You would think that a cost-savings focused sales pitch, when the solution being marketed offers a compelling payback period or such, would be an easy sale, then. Not necessarily. Because too often the clean energy entrepreneur is pitching a factory manager or other operations manager, and yet the customer’s CFO also must give approval and just can’t give it due attention.

Why not? After all, the CFO should be glad to see any cost savings right? But put yourself in the shoes of a busy CFO, with lots of priorities at any given time. While energy savings from these solutions may offer strong payback periods (2-4 years, in many cases, or even less), the aggregate dollar savings may be small potatoes compared with whatever strategic initiatives the CFO is tasked with this quarter. So getting their attention is the challenge.

In 15 years of investing into companies offering these types of solutions, I regularly see no-brainer value propositions where the main contact on the customer side wants to adopt the system, but it still takes months and months to get CFO approval.

That’s why yesterday’s Deloitte survey of CFOs grabbed my attention. They report that in terms of addressing climate change, 71% of CFOs say they face moderate or higher pressure from at least one stakeholder group. And that’s not pressure from outside environmental groups or regulators. That pressure, they report, is coming from employees, customers, boards and investors. And as one of the Deloitte managers on the project, Greg Dickinson, reports: “Perhaps most importantly, the majority say they are building management of climate risks into their governance processes.”

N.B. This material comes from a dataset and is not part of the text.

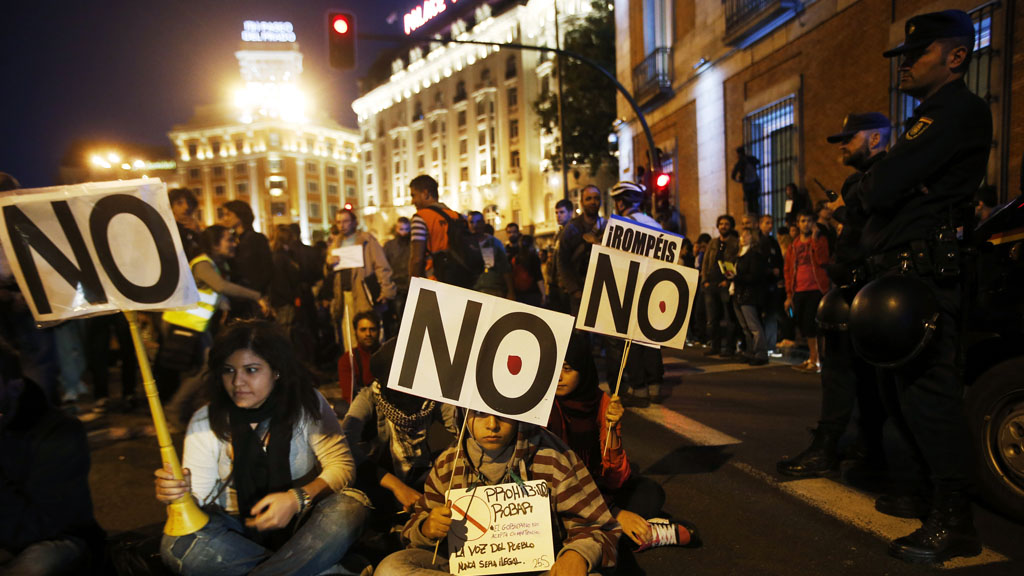 Protesters take part in a sit-in during a demonstration outside Madrid's Parliament (Reuters)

If this is true, then for a lot of CFOs climate issues are coming to the forefront of their attention really quickly. It’s a big shift over just the past few years, from my perspective. However, I can guarantee that many of theses CFOs don’t really know what to do about it yet.

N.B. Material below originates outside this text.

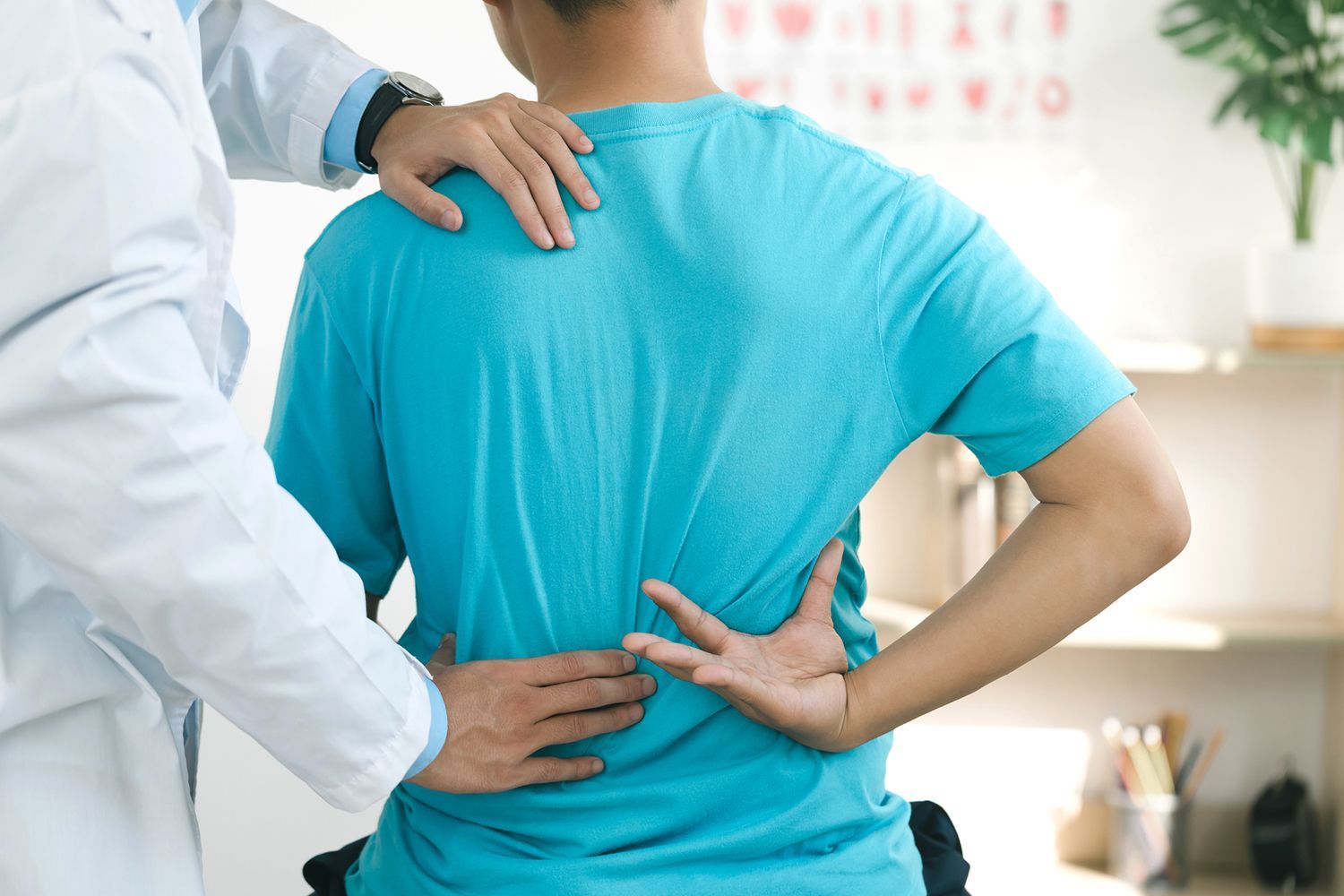 Doctor examining a patient's lower back during a medical consultation in a clinic.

This is where clean energy entrepreneurs may now be able to tout their solutions’ positive climate impacts more loudly, in order to help the CFO make it a priority. Instead of a pitch summarized as “We will save you 15% on your energy bill,” perhaps it’s finally time for a pitch more along the lines of “We will save you money by reducing your carbon impact.”

If the CFOs are under this pressure to include climate impacts and risks in their governance, they’re going to soon be tracking corporate carbon emissions, if they’re not already, and this will include emissions reduction targets. Where applicable, this would mean making the carbon emissions reductions specific and explicit: “By adopting this solution, your firm will reduce carbon emissions by [X] tons per year.” If your solution helps make a tangible and quantifiable impact toward meeting their climate goals, perhaps now that will help it get more attention. And even if the customer hasn’t stated specific emissions reduction goals yet, just the story-telling benefits themselves may help elevate the sale for the CFO.

From an investor standpoint, this kind of shift in the C-suite at business customers is also a strong signal that we may be on the verge of an inflection point. Just as is being seen with corporate purchases of renewable energy, perhaps we’re on the cusp of a big uptake in corporate energy efficiency purchases as well, since those can often have significant and quick carbon emissions reductions impacts. Particularly as new capital models are increasingly enabling such purchases to be made with no money down, via third party financing, which should just further grease the skids. As an investor I’m actively looking at such opportunities, myself.

So perhaps it’s time for clean energy entrepreneurs to adjust their sales pitches to more strongly emphasize the climate impacts of their solutions just as much as the actual economic benefits for their customers.